Trump Says Federal Government Should Seek Death Penalty For Boston Bomber Tsarnaev After Case Overturned In Appeals Court

by mcardinal

Madeline Sponsler, FISM News

 

A federal appeals court on Friday overturned Boston Marathon bomber Dzhokhar Tsarnaev’s death sentence for helping carry out the 2013 attack, which killed three people and wounded more than 260 others.

President Donald Trump said Sunday that the federal government should seek the death penalty again.

In a tweet, Trump said the federal government must challenge a Friday appeals court decision overturning the death penalty for the 2013 attack.

 

A three-judge panel of the 1st U.S. Circuit Court of Appeals upheld much of Tsarnaev’s conviction Friday but ordered a new trial over what sentence Tsarnaev should receive for the death penalty-eligible crimes he was convicted of.

The federal government is reviewing the ruling. Prosecutors could ask the full appeals court to reconsider or appeal to the U.S. Supreme Court.

Tsarnaev and his older brother, Tamerlan, set off a pair of homemade pressure-cooker bombs near the finish line of the world-renowned race in 2013, tearing through the packed crowd, killing three people and wounding more than 260 others.

Tsarnaev admitted to his crimes after his conviction in 2015 and apologized to the victims.

Tsarnaev and his older brother set off a pair of homemade pressure-cooker bombs near the finish line of the world-renowned race, tearing through the packed crowd and causing many people to lose legs.

A three-judge panel of the 1st U.S. Circuit Court of Appeals upheld much of Tsarnaev’s conviction but ordered a new trial over what sentence Tsarnaev should receive for the death penalty-eligible crimes he was convicted of.

U.S. Circuit Judge O. Rogeriee Thompson, writing for the court, said the trial judge “fell short” in conducting the jury selection process and screening jurors for potential bias following pretrial publicity surrounding the high-profile case.

Thompson said the pervasive news coverage of the bombings and their aftermath featured “bone-chilling” photos and videos of Tsarnaev, now 27, and his brother carrying backpacks at the marathon and of those injured and killed near its finish line.

Thompson said the judge deemed jurors eligible who had “already formed an opinion that Dzhokhar was guilty – and he did so in large part because they answered ‘yes’ to the question whether they could decide this high-profile case based on the evidence.”

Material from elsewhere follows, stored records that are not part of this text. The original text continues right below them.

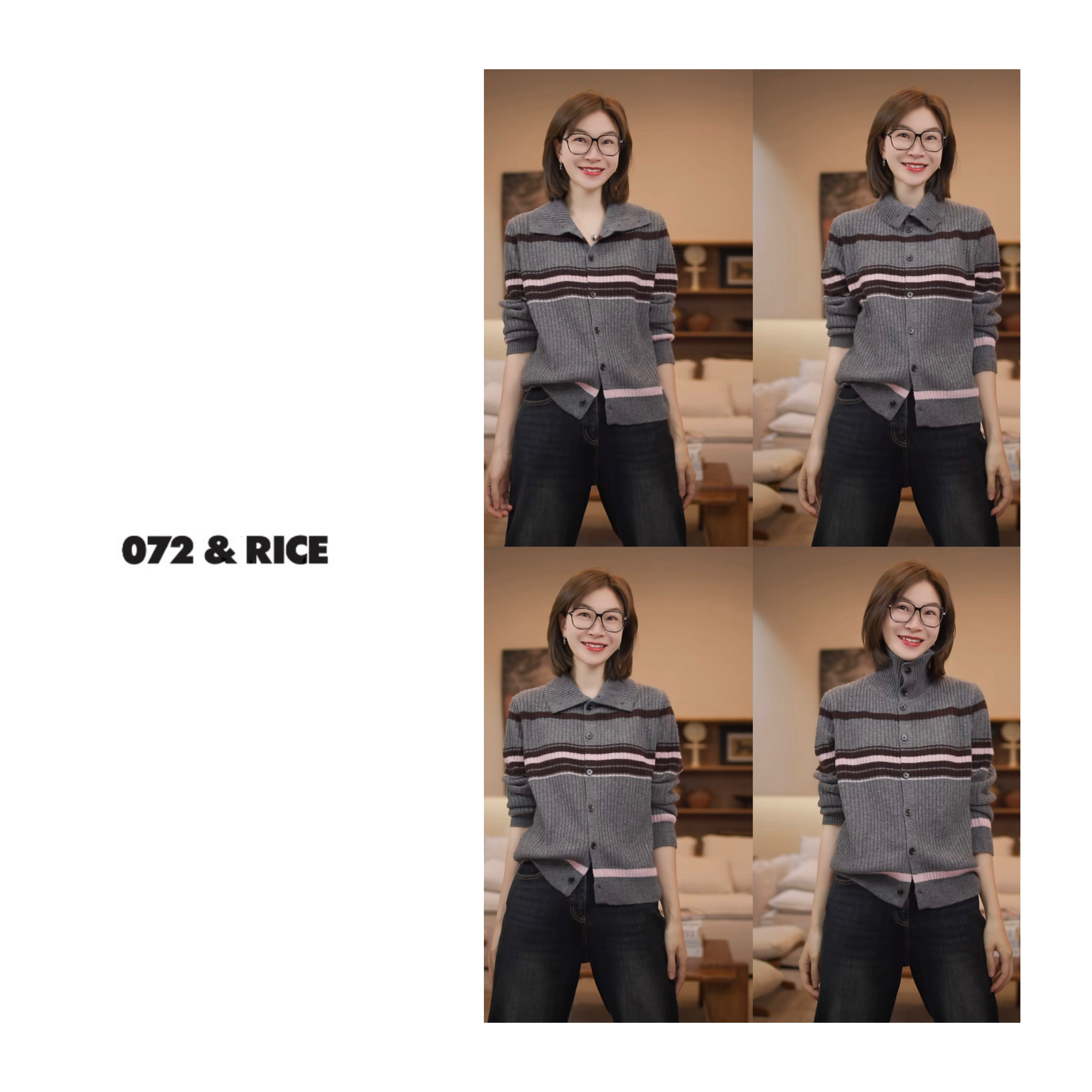 072 & RICE【巴胺条】100绵羊毛 秋冬休闲立领针织开衫 32LN38352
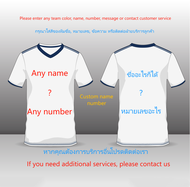 25-26 Bayern Bundesliga kit 125th Anniversary Edition Football Kit No. 9 Kane No. 25 Muller The same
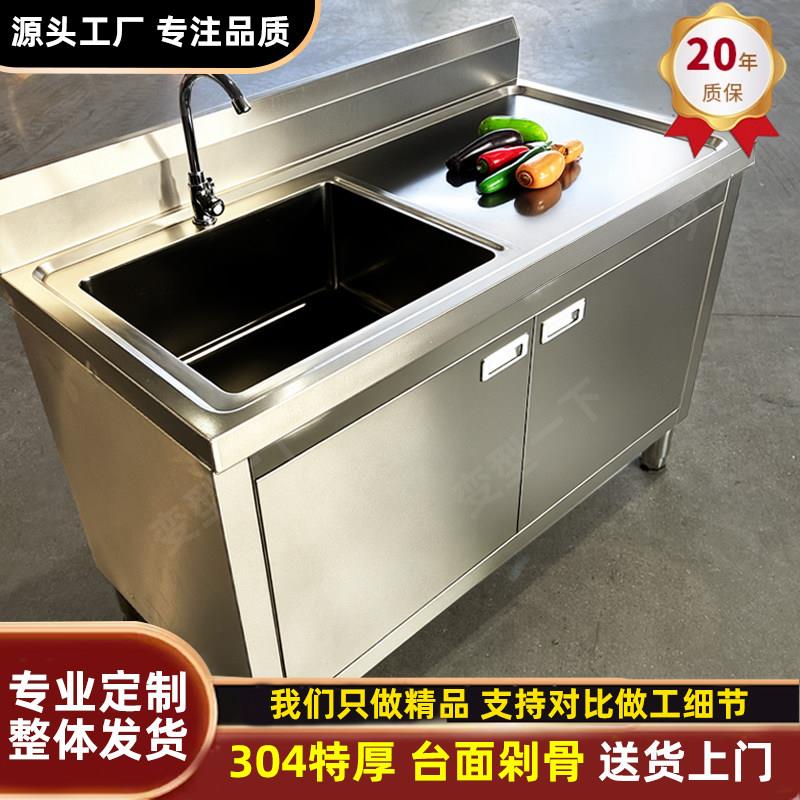 一体式304不锈钢洗菜水槽带操作台 柜体可剁可砍 广州客制化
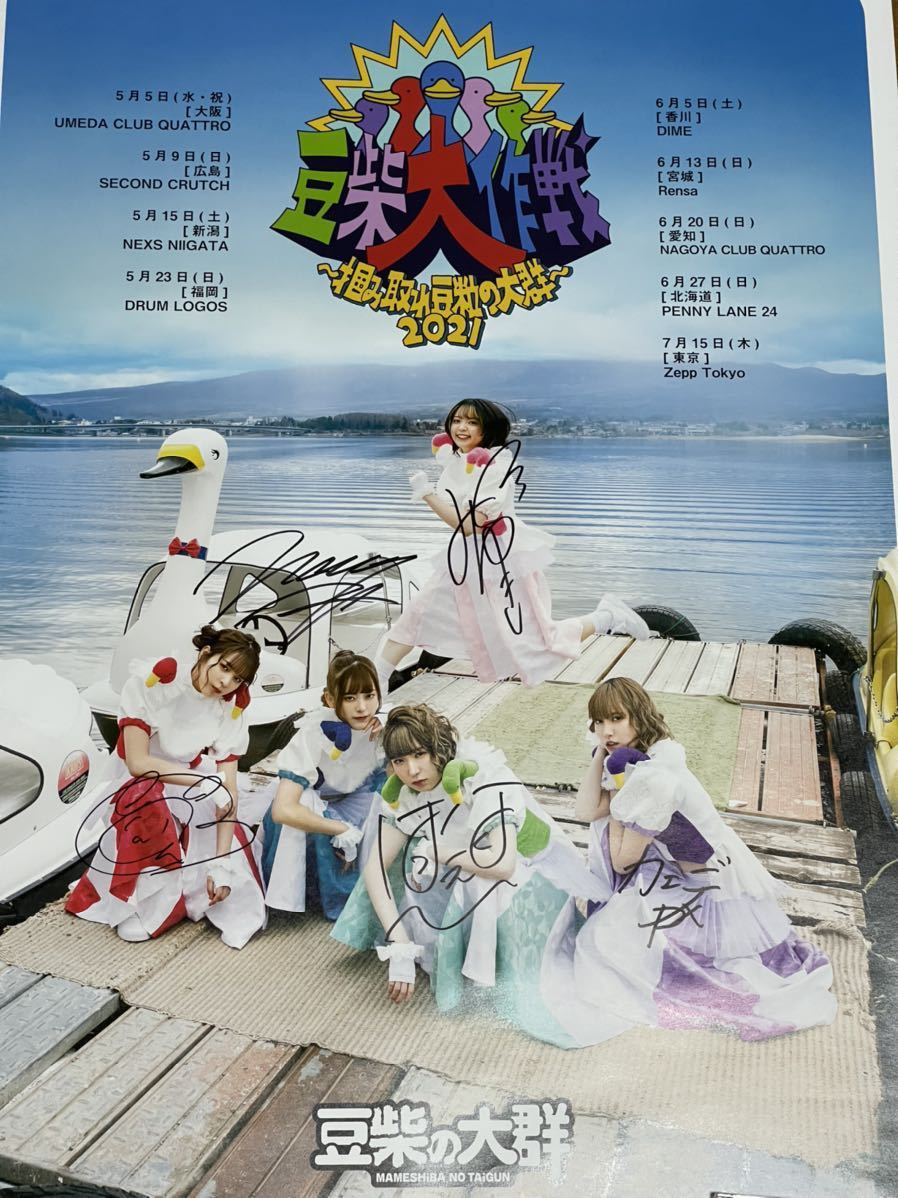 豆柴の大群 直筆サイン入りポスター 豆柴大作戦 WACK BiSH(サイン 豆柴の大群 直筆サイン入りポスター 豆柴大作戦 WACK BiSH(サイン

Thompson stressed the ruling’s limits, saying “Make no mistake: Dzhokhar will spend his remaining days locked up in prison, with the only matter remaining being whether he will die by execution”.

 

David Patton, Tsarnaev’s lawyer, said prosecutors must now decide “whether to put the victims and Boston through a second trial or to allow closure to this terrible tragedy by permitting a sentence of life without the possibility of release.”

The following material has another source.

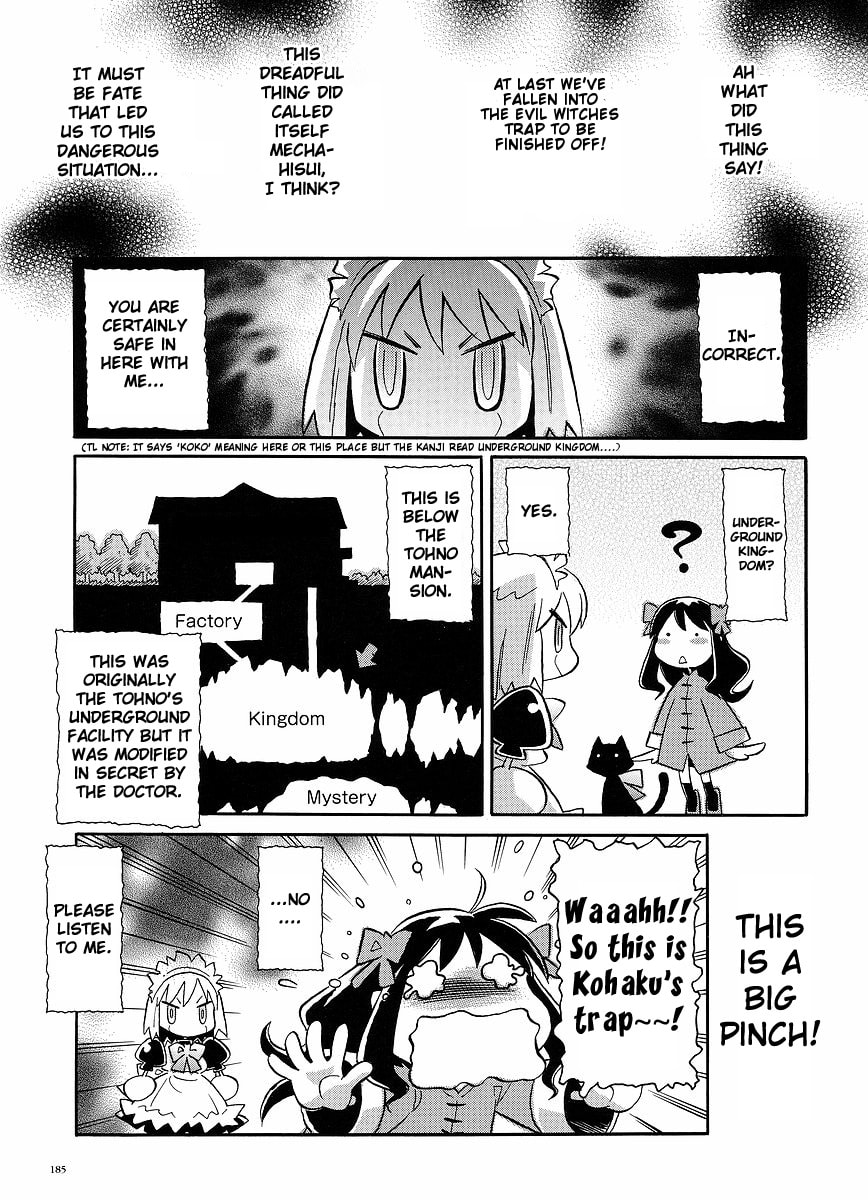 Read Melty Blood chapter 7.1 image 2 on Lezhin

U.S. Attorney Andrew Lelling’s spokeswoman said his office is reviewing the decision. Prosecutors could ask the full appeals court to reconsider the ruling or appeal to the U.S. Supreme Court.

 

Tsarnaev is being held at the United States’ “Supermax” prison in Florence, Colorado. This is reportedly a site so remote and well secured that it is nicknamed the “Alcatraz of the Rockies.”

Tsarnaev and his older brother Tamerlan sparked five days of panic in Boston on April 15, 2013, when they detonated two homemade pressure-cooker bombs at the marathon’s finish line and then went into hiding.

Three nights later, as they attempted to flee the city, they sparked a new round of terror in Boston when they hijacked a car and shot dead Massachusetts Institute of Technology police officer Sean Collier. Tsarnaev’s brother died later that night after a gunfight with police, which ended when Dzhokhar ran him over with a stolen car.

Police then locked down Boston and most surrounding communities for almost 24 hours, with heavily armed officers conducting house-to-house searches through the suburb of Watertown, where the surviving brother was found hiding in a dry-docked boat in a backyard.

A jury in 2015 found Tsarnaev guilty of all 30 counts he faced and later determined he deserved execution for a bomb he planted that killed 8-year-old Martin Richard and 23-year-old Chinese exchange student Lingzi Lu. Restaurant manager Krystle Campbell, 29, was also killed.

On the day of his sentencing, Tsarnaev admitted his crimes.

“I am sorry for the lives I have taken, for the suffering that I have caused you, for the damage I have done, irreparable damage,” said Tsarnaev. “In case there is any doubt, I am guilty of this attack, along with my brother.”